#### Dataset content ####
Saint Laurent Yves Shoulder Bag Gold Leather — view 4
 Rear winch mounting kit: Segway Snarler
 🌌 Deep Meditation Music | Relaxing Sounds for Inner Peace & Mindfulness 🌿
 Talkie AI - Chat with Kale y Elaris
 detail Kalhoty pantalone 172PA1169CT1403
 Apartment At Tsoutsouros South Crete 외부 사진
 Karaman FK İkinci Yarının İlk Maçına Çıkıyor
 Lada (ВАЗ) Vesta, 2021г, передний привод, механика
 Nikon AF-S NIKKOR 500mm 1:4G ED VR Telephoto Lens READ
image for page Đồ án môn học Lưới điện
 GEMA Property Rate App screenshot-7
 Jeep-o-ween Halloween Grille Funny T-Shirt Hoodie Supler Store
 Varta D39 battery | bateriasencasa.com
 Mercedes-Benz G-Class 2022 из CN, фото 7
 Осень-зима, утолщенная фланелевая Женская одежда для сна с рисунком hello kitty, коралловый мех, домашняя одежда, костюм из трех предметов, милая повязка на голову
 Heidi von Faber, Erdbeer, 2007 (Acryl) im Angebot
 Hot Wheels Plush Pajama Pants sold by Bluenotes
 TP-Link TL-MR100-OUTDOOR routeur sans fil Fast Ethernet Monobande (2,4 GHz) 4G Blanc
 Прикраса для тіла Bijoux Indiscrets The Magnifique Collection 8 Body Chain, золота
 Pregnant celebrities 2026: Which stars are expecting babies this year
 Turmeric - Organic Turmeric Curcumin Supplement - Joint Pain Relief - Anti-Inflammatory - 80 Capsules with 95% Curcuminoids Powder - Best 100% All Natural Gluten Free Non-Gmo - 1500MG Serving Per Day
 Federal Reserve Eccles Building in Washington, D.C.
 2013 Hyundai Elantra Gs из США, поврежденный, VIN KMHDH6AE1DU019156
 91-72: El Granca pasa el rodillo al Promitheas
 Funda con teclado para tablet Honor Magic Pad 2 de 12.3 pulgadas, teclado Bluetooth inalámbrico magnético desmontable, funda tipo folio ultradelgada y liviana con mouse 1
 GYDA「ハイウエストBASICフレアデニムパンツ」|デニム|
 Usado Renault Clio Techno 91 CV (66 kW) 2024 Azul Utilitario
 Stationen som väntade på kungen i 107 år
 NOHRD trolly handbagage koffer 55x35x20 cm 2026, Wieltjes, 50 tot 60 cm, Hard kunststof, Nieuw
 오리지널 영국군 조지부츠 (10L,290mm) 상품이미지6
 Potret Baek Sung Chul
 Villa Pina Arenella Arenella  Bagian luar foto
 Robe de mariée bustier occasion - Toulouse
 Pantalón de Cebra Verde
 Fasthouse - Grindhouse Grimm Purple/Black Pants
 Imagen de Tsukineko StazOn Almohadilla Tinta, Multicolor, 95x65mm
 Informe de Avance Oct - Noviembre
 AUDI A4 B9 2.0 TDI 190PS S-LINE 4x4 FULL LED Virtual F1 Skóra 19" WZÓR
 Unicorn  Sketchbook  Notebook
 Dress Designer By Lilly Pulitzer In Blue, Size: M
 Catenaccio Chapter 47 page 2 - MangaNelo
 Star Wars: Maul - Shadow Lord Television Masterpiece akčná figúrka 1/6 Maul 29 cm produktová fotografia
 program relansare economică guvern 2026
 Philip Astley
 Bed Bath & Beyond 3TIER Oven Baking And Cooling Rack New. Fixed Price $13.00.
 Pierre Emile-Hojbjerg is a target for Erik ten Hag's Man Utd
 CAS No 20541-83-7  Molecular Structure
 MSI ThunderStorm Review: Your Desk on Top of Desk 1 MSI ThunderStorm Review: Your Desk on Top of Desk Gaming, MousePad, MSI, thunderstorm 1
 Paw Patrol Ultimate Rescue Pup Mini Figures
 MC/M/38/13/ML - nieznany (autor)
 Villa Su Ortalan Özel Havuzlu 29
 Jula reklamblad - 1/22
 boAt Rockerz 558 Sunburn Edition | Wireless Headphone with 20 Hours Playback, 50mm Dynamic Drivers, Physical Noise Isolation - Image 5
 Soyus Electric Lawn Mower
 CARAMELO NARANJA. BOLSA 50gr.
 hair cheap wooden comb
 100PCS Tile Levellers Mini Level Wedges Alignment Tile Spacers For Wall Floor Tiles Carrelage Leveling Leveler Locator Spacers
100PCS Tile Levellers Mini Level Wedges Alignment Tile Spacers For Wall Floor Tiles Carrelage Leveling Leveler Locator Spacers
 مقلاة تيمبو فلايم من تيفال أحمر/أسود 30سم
####
## What needs to be done
Would you print exactly, and only, the lines of the data above from the line with "Informe de Avance Oct - Noviembre" through the line with "program relansare economică guvern 2026", inclusive?

## Task solution
 Informe de Avance Oct - Noviembre
 AUDI A4 B9 2.0 TDI 190PS S-LINE 4x4 FULL LED Virtual F1 Skóra 19" WZÓR
 Unicorn  Sketchbook  Notebook
 Dress Designer By Lilly Pulitzer In Blue, Size: M
 Catenaccio Chapter 47 page 2 - MangaNelo
 Star Wars: Maul - Shadow Lord Television Masterpiece akčná figúrka 1/6 Maul 29 cm produktová fotografia
 program relansare economică guvern 2026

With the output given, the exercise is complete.